START Data provided
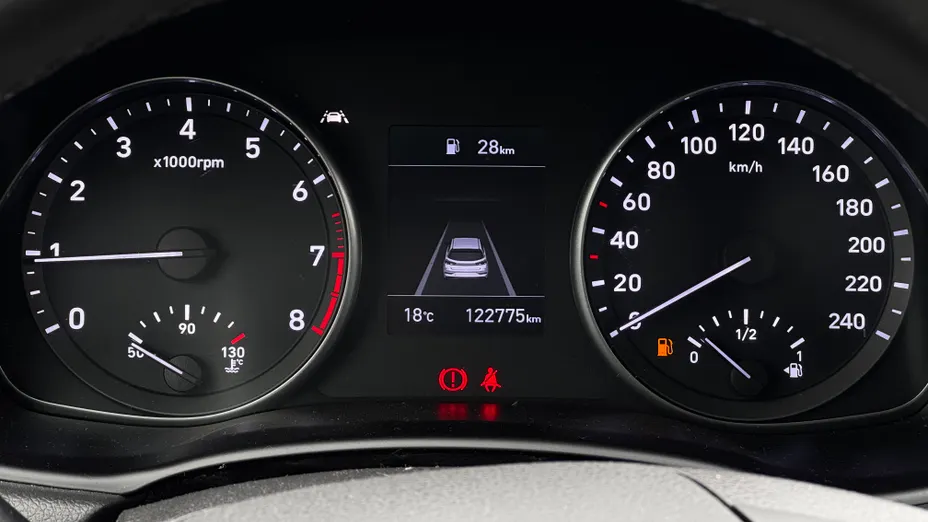 HYUNDAI i30 i30 1.5 DPI Smart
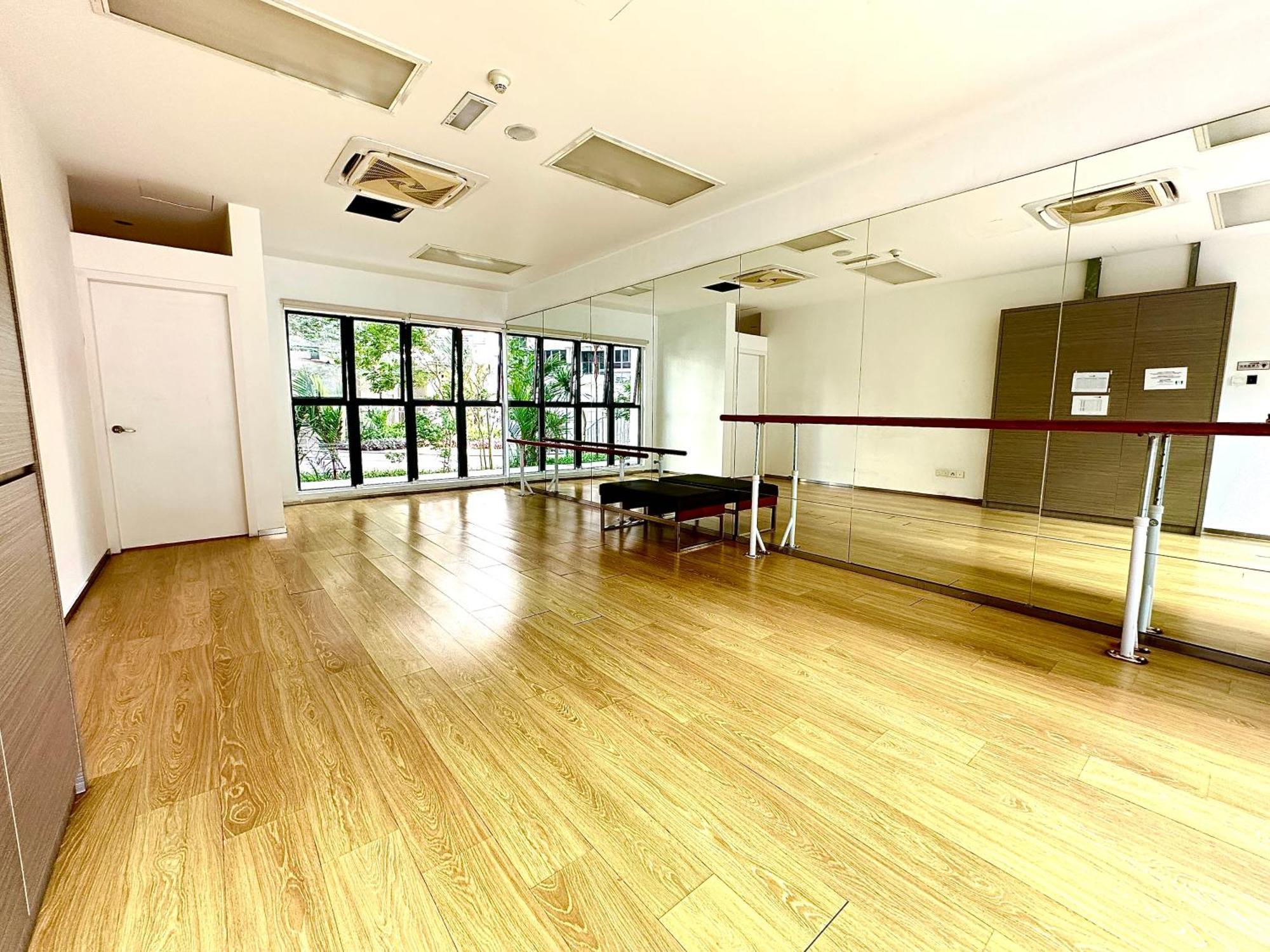 Deluxe 3 Bedroom Garden View Apartment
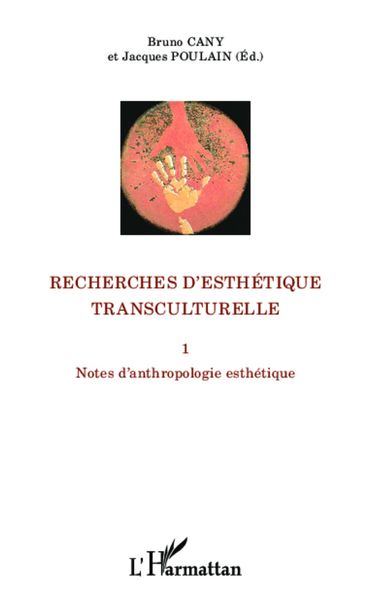 Produktbild: Recherches d'esth&eacute;tique transculturelle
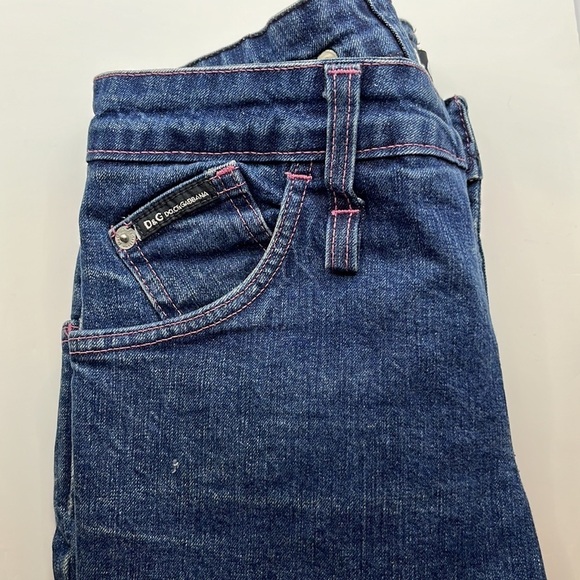 Dolce & Gabbana Bootcut Mid Rise Size 27 - Picture 14 of 16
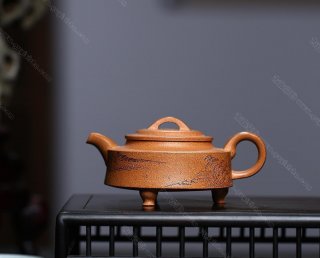 三足周盤 三足周盤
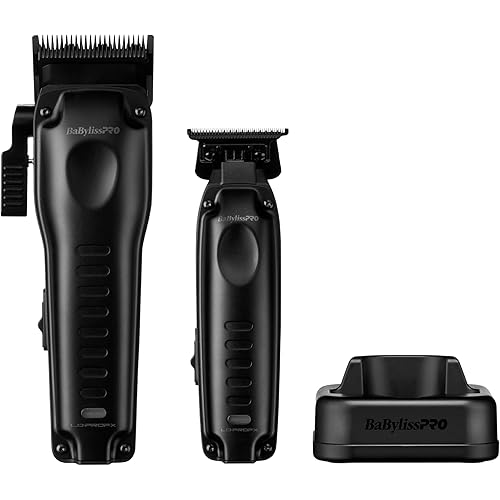 High-Performance Compact LO-PROFX Trimmers for Men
END Data provided
Problem requirements: Only the lines from the one containing "Dolce & Gabbana" through the end of the data above are to be output, exactly and without pictures.

Result of this task:
 Dolce & Gabbana Bootcut Mid Rise Size 27 - Picture 14 of 16
 三足周盤 三足周盤
 High-Performance Compact LO-PROFX Trimmers for Men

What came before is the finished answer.